I love quad as an audio format. I've been recording in quad a lot recently on my tape multitracker. It uses regular cassette tape, and the regular track widths, but uses all four at once instead of two each way. Trouble is, it only has stereo mixdown, and it records at twice speed, so I would need to modify any potential quad tape deck that I build to play at twice normal speed. I've figured out a way to use a 4-part RCA signal, if ran to two stereo amps, to get quad sound to my speakers. Therefore, I would need to modify my homebrew quad tape deck to have 4-part RCA out. I'm still a little fuzzy on the particulars of that. In order to read all four tracks, I'm considering just taking two stereo heads and putting them next to each other, but due to width constraints, that would probably mean being unable to sync their output, let alone record anything. I suppose I could yank the quad head out of a junk Tascam, but good luck finding a junk Tascam!
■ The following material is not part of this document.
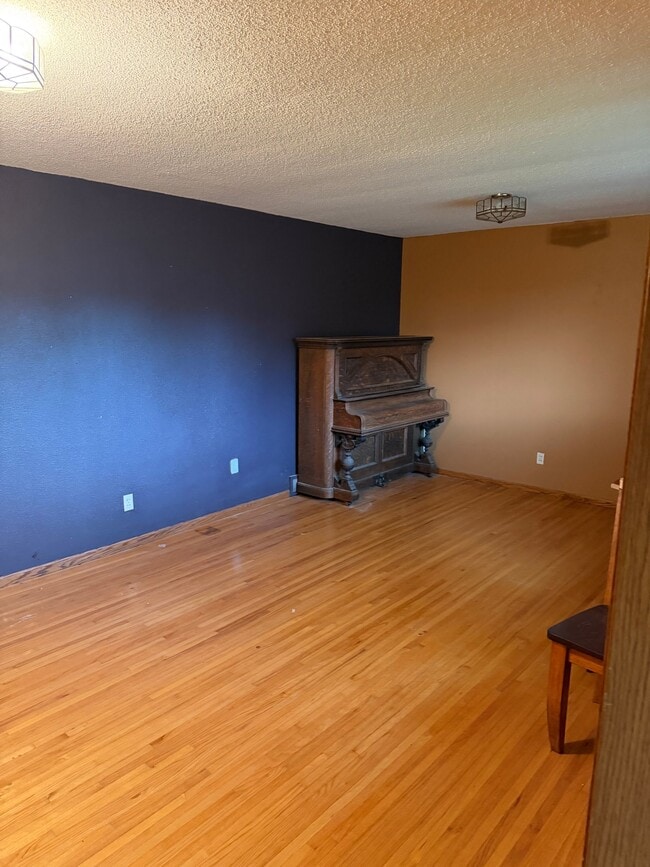 713-713 13th Ave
Any ideas on solving this issue? Perhaps work in an output lag somehow on the forward head's output so that they are synced again? One idea that I have, if I can get the outputs synced, is to just pull the head out of one tape deck and make the wires long enough that I can install it in the other deck, still attached to its own electronics, though. Then there would be four RCA jacks out (two from eah machine) and it would require the minimum amount of hacking things up. Then I'd connect the two cases in to uber case (duct tape, porbably), and go on my merry four-channel way. Anyway, is anybody else a fan of this format, and have you thought about making a quad tape deck? If someone has ever ripped up analog tape decks (or knows the nitty-girtty of how they work), please don't hesitate to give some input to this project!


. To play the tapes you have already recorded, you will need a 4-track head. You'd be surprised how much of that kind of stuff is still available. forgesmith (AKA The E-Bay Meister) can probably provide some good E-Bay links. I suppose you could use two stereo heads, with a delay circuit on one head, but that sounds awfully complicated. . With a little creative work in the pulley department, doubling the speed should be doable, but not easy. . . You really need the technical manual and/or schematics to figure out how to get a quad signal out. Where does the stereo mixdown occur? Why would a quad-head deck have stereo output only?

Sounds daft, doesn't it? It's an entry-level studio multitracker, designed for making master tapes, which would then be mixed to stereo tapes/made into CDs for sale to the great unwashed. At least that's the design, and it was made after quad died a slow quiet death as a commercial format. Tascam 414 mkII, if I remember correctly. In fact, I think I still have warranty, which is pretty wild. I could pretty easily open it up and grab a quad signal, but I'd like to not wreck it. I've got the diagram someplace, but I'm not gonna mess with the mixdown. It mixes four tracks into stereo quite well. No sounds turning up in weird places or anything, and bouncing a sound back and forth works as intended. As for doubling speed, I was planning on probably either sticking a honkin' pulley on there, or swapping it out for sprokets and a fine chain (I've seen a few lurking on RC vehicles), or a gear drive. Mechanical work is fun, though, so I think that'd probably be the smoothest part of the build. As for delay, I can probably get a heavily used delay pedal for right cheap, so unless someone sees a big problem with pulling the delay circuit out of that (tunable amount of delay, too!) and then using the case for some other project, doing it that way seems simple enough.

> I could pretty easily open it up and grab a quad signal, but I'd like to not wreck it. . You know your abilities better than I do, but it shouldn't be THAT difficult, especially if you have the schematics. Somewhere on the tape preamp board you should be able to get all four channels. You'll just be soldering some small wires that you should be able to remove without causing any damage if it doesn't work out. . . I can't imagine ANY chain-type drive being smooth enough to work. Even a helical gear setup is liable to be "noisy." Probably be best to stick with a pulley/belt system, but a good gear set may work.

Watch gears, perhaps? Pulleys are looking simpler and simpler. I might look into getting an identical used recording machine and pulling the quad signal out of that. Having two two decks to bounce off of each other would be handy anyway.

. If you go with gears, I'd use helical cut teeth. Any straight tooth gears will be noisy and introduce flutter (but it may not be enough to be audible). It's hard to get any smoother than a good belt drive (except maybe direct-drive, but I think that's a little too much for this project).